Senioren
Pflege-WGs kommen nicht gut an
Die Regierung fördert neue Wohnformen für Pflegebedürftige mit einem Budget von 30 Millionen Euro. Doch es gibt nur wenige, die das Angebot nutzen. Warum, das haben Experten beim DAK-Pflegetag erklärt.
Veröffentlicht:BERLIN. Es klingt wie eine Utopie: Pflegebedürftig sein, zu Hause wohnen und den Stadtteil oder das Dorf nicht verlassen zu müssen, in dem man Familie, Freunde und den langjährigen Hausarzt hat. Möglich macht das etwa eine Senioren-Wohngemeinschaft.
Unterstützen wollen die Regierungen solche modernen Wohnformen seit geraumer Zeit. Auch im aktuellen Koalitionsvertrag versprechen Union und SPD mehr Zuschüsse für wohnumfeldverbessernde Maßnahmen wie für ambulant betreute Wohnformen.
Doch bei den Betroffenen ist das Interesse bislang gleich Null. Für die Förderung von Wohnprojekten für Pflegebedürftige hatte schon die schwarz-gelbe Regierung 30 Millionen Euro bereitgestellt.
"Schätzungsweise 200.000 Euro wurden bis jetzt für solche Projekte abgerufen", berichtet Gernot Kiefer, Vorstand des Spitzenverbandes der Gesetzlichen Krankenversicherungen, beim Pflegetag der DAK Gesundheit am Dienstag in Berlin. Die Politiker hätten das Potenzial solcher Projekte nicht richtig abgeschätzt.
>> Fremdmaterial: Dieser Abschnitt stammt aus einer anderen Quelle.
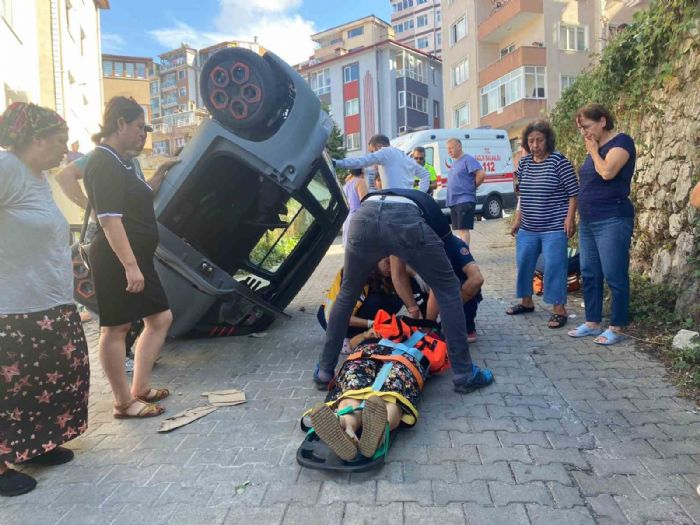 Emekli ebe aracn park etmek isterken alt yola utu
Pflege-WGs sind Mittelstandsphänomene
Die Realität in der Organisation von Pflegeleistungen sehe heute anders aus. Wohngemeinschaften für pflegebedürftige Senioren und Mehrgenerationenhäuser seien in erster Linie Mittelstandphänomene, sagte Klaus-Werner Pawletko vom Verein Freunde alter Menschen.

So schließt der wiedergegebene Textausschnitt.